Son prochain titre sera Powermonger, défendu par les amateurs de STR mais malheureusement pas tellement par Molyneux lui-même. Ses ambitions pour le titre sont écrasées par des contingences matérielles et des pressions émanant d'Electronic Arts qui fait jouer ses exigences de résultats quantitatifs au regard des sommes versées à Bullfrog. Le jeu sort, mais trop tôt et mal fini. Il séduit tout de même mais ne correspond pas à l'idée initiale de Peter Molyneux qui le voit comme un échec et commence à mal supporter de dépendre d'une structure qui exerce autant d'influence sur ses ambitions créatives.
En 1993, un autre jeu culte verra le jour chez Bullfrog, Syndicate, mais Molyneux n'y participe que très peu et comme le titre ne reflète pas vraiment sa personnalité, je le sacrifie sur l'autel du "on va pas faire trop de hors sujet". D'ailleurs je vais même foncer en avant pour filer direct à la naissance de Lionhead.
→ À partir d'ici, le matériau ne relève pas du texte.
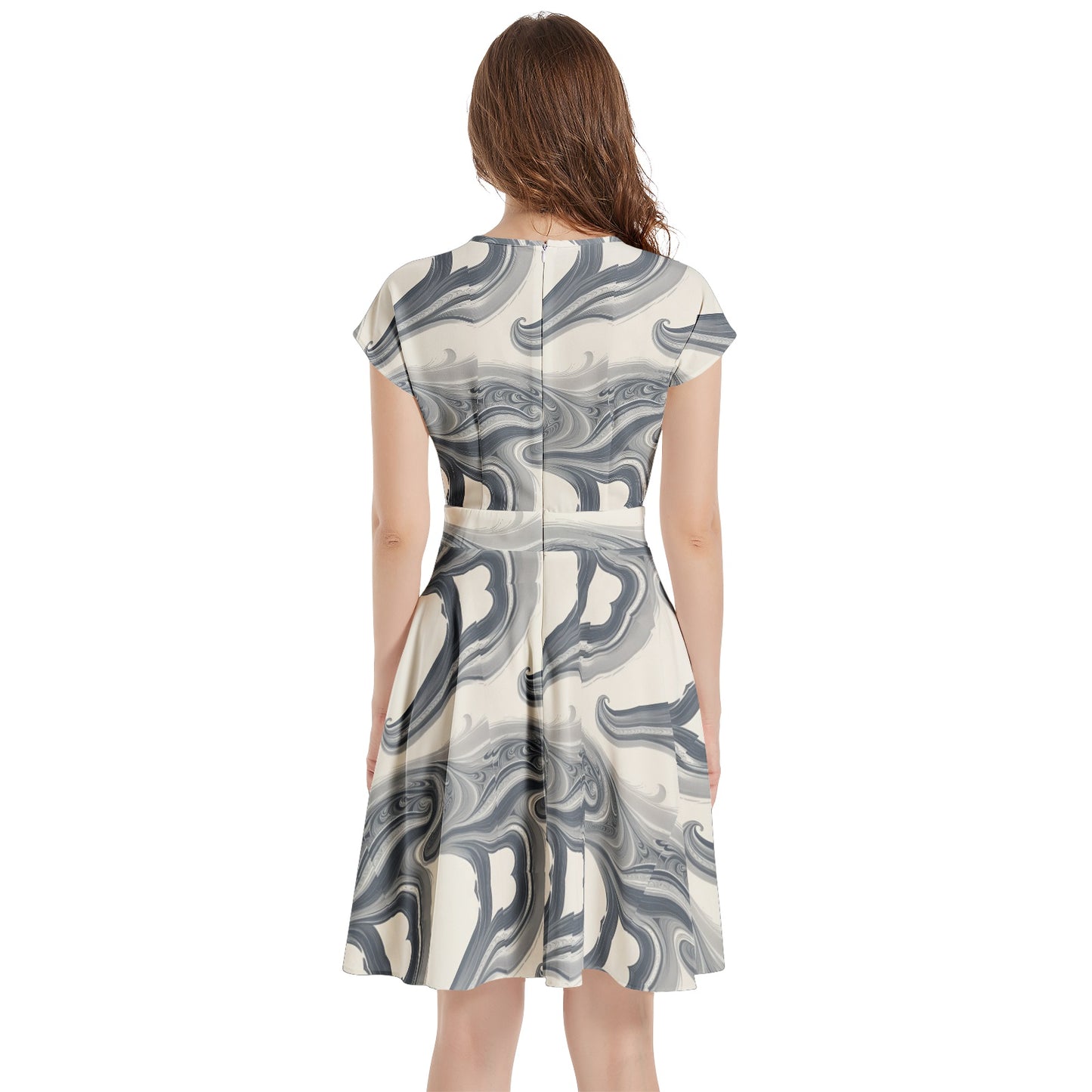 Short Sleeve  Casual A-Line Midi Dress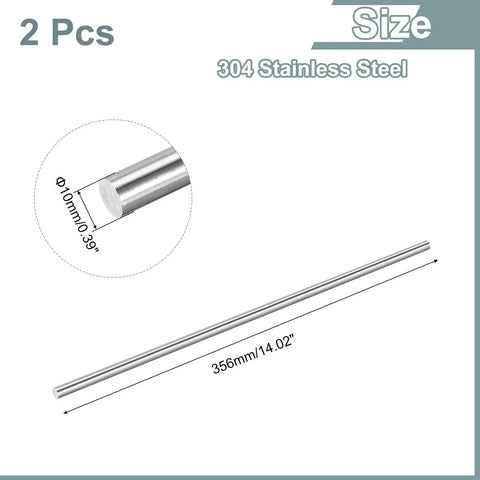 Durable 304 Stainless Steel Round Rods 10mm x 356mm Pack of 2 for Model Making and DIY Projects Lathe Work Heavy Duty Metal Craft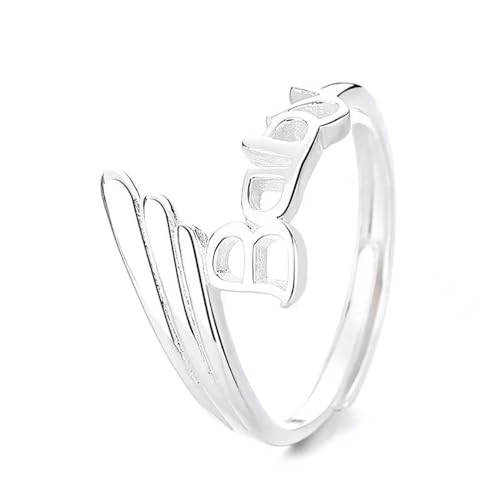 Lllunimon Sterlingsilber Flügel Ring für Frauen Niedlicher verstellbarer Ring hypoallergener Jubiläumsring Schmuck Geschenke für Tochter Freundin Ehefrau,Silber von Lllunimon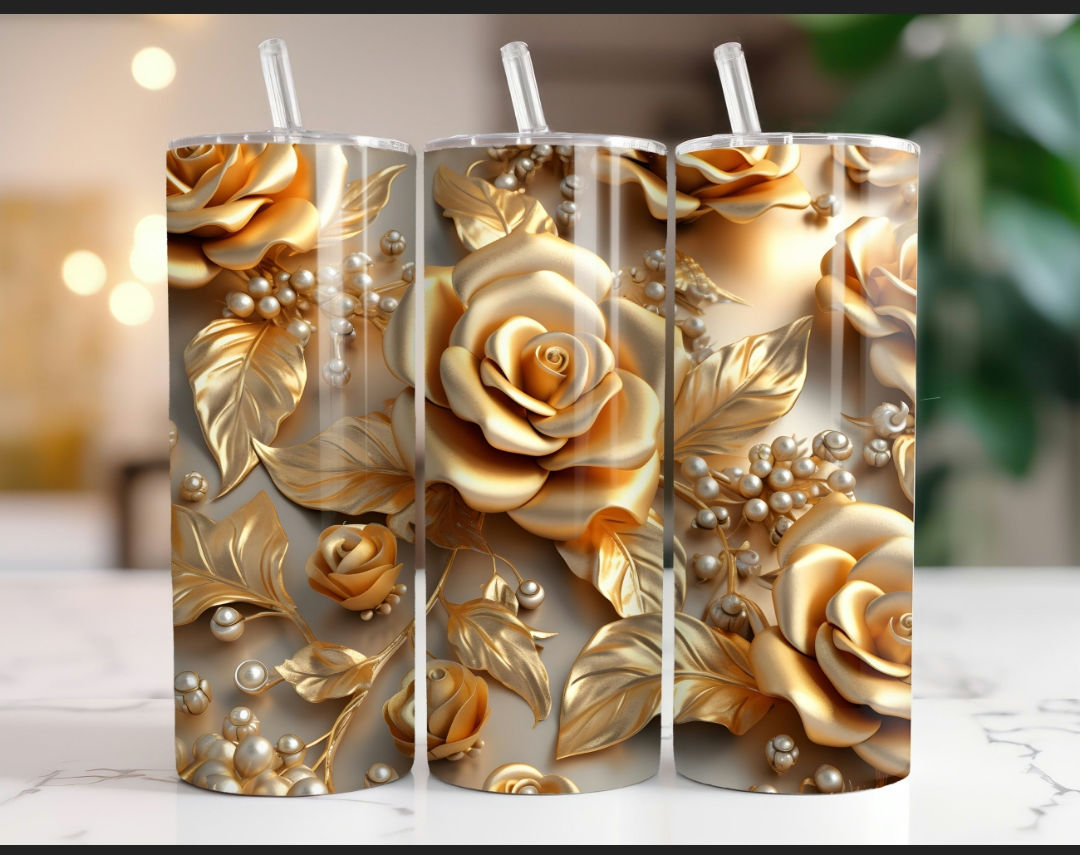Golden Roses 20oz Tumbler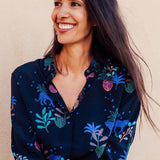 Camisa Joy Negra Night Leopard - ECRU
Suite au rachat de Bullfrog par EA, Molyneux subit de plus en de plus de pression, il faut produire beaucoup, vite, parfois sans enthousiasme et pour un résultat qui ne lui convient pas. Finalement, il se libère d'EA et crée Lionhead en 1997. Molyneux met en place un système de royalties et obtient ainsi l'indépendance financière qui va lui permettre de donner libre cours à ses délires. En l'occurrence, il s'agira de l'un des jeux les plus atypiques qui soit, Black & White, le god game par excellence. Ce qui veut également dire qu'il sera aussi bien adulé que décrié.
Dans Black & White, vous êtes Dieu, carrément, mais incarné dans une créature titanesque. Après avoir conçu cette incarnation et l'avoir élevée de façon à la rendre plus ou moins agressive, passive, bienveillante ou autre, le joueur peut alors agir sur le monde de manière détournée, par le biais de cet avatar qu'on ne dirige qu'avec un simple curseur. Il n'y a ni menu, ni icône d'action dans B&W, uniquement cette main qui autorise de très, très nombreuses actions, toutes visant à termes à gagner la foi et le respect des êtres qui vivent sur les 5 îles du jeu, que ce soit par l'adoration ou la terreur. Etre un Dieu bienveillant ou un Dieu vengeur, à chacun de voir. Plus que jamais, Molyneux joue sur la corde métaphysique, les notions de Bien et de Mal, la place à la fois centrale et en retrait du joueur etc. On adore, on déteste, mais on ne reste sûrement pas indifférent au concept de B&W. Comme c'est souvent le cas avec Molyneux qui fait partie de ces artistes hors normes qui s'efforcent toujours de faire des choses simplement... différentes. Ce qui lui a valu une juste reconnaissance et même les honneurs de Tony Blair dans la presse, sans parler de sa récente décoration par la Reine d'Angleterre, qui est une pure gameuse confirmée comme chacun sait. Des honneurs cependant plus dus à sa réussite professionnelle qu'artistique il faut bien l'admettre. Pour ça, il a tout de même eu le droit d'entrer dans le Hall Of Fame de L'Academy Of Interactive Arts and Sciences, aux côtés d'une de ses idoles, Shigeru Miyamoto.